On Wednesday, it was announced that the king, 73, would be taking a day of private reflection amid the national mourning for his mother, Queen Elizabeth, who died Sept. 9 — at his nine-bedroom country manor, Highgrove, more than 100 miles from London.
Camilla, however, was not to accompany him. Instead, the 75-year-old went to Ray Mill House — the six-bedroom place she bought in 1996, following her split from first husband Andrew Parker Bowles.
“They are a very close couple so this is nothing to do with any tensions between them,” a royal insider told The Post of the king and queen consort. “Camilla does have her own room at Highgrove, but she very rarely stays there. When they are in the countryside, she prefers to be at Ray Mill House where she not only is close to her family but also maintains her stables. That is just the way things have always been with them.”
Royal commentator Joshua Rom told The Post: “The two of them have undertaken an incredibly grueling schedule which would impact anyone, let alone people who are in their 70s. So it is no wonder that when they had 24 hours off, they would both go to the places where they can kick off their shoes and relax.”
While the couple’s main residence has long been at Clarence House, Camilla has been able to lead a quieter second life at her country “bolthole,” a considerably more cozy home said to be worth nearly $1 million. It’s where she keeps her beloved horses and often hosts her son, Tom, and daughter, Laura, as well as her five grandchildren.

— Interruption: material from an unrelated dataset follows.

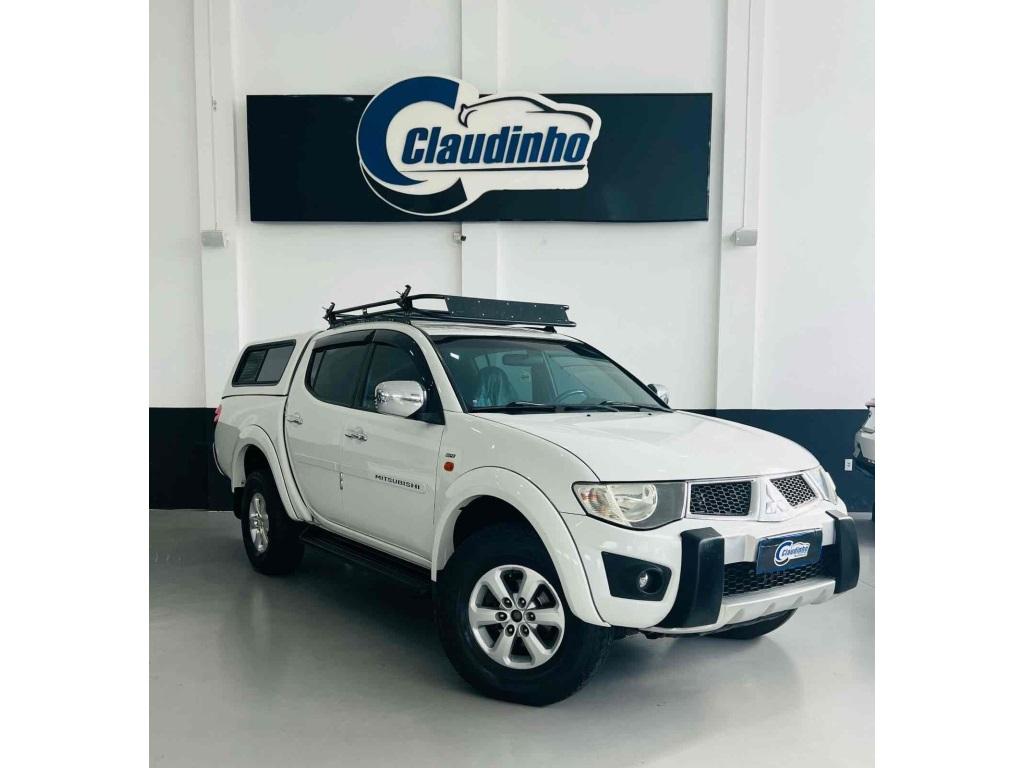 MITSUBISHI L 200 Triton - Foto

“Amid all the pomp and ceremony of royal life, Ray Mill is the place where she is just the Camilla who pops to the supermarket and where she can relax with her grandchildren,” Rom said. “It is where she can retain a portion of herself.”
The importance of Ray Mill House — which is a 20-minute drive away from Highgrove — to Camilla was signaled earlier this year when Kate, the new Princess of Wales, took a photograph of the queen consort there for Country Life magazine.
Camilla said in the accompanying story that she cherished her moments at Ray Mill because it meant she was able to do the school run for her youngest granddaughter, Eliza Lopes, 14, whose mother, Laura, got married at the house.
“One grandchild is at school very near my house, so when I am in Wiltshire and her parents are away, I can nip over and pick her up and take her home,” Camilla said.
Even when Camilla and Charles live together — be it in London, where they will eventually move from Clarence House to Buckingham Palace, or at Highgrove House, or at Charles’ Birkhall Estate in Scotland — they keep separate bedrooms, as is the traditional royal way.
On the Queen’s yacht Britannia, only one room had a double bed — and that was reserved for honeymooners.
Royal expert Richard Fitzwilliams said the fact that Charles and Camilla are able to take time off from each other is evidence of how in tune they are. “This is a couple who are ideal for each other. They are a similar age and have the same sense of humor, same attitudes, same friends, same interests … and they both know that sometimes you need a bit of space,” he told The Post.
Added the royal insider: “It has been a very tough time for everyone and I think the whole world can see how Camilla is being strong for Charles, and helping him be the king he wants to be. She has always been such a support to him, but it is not surprising she would also want some of her own space.”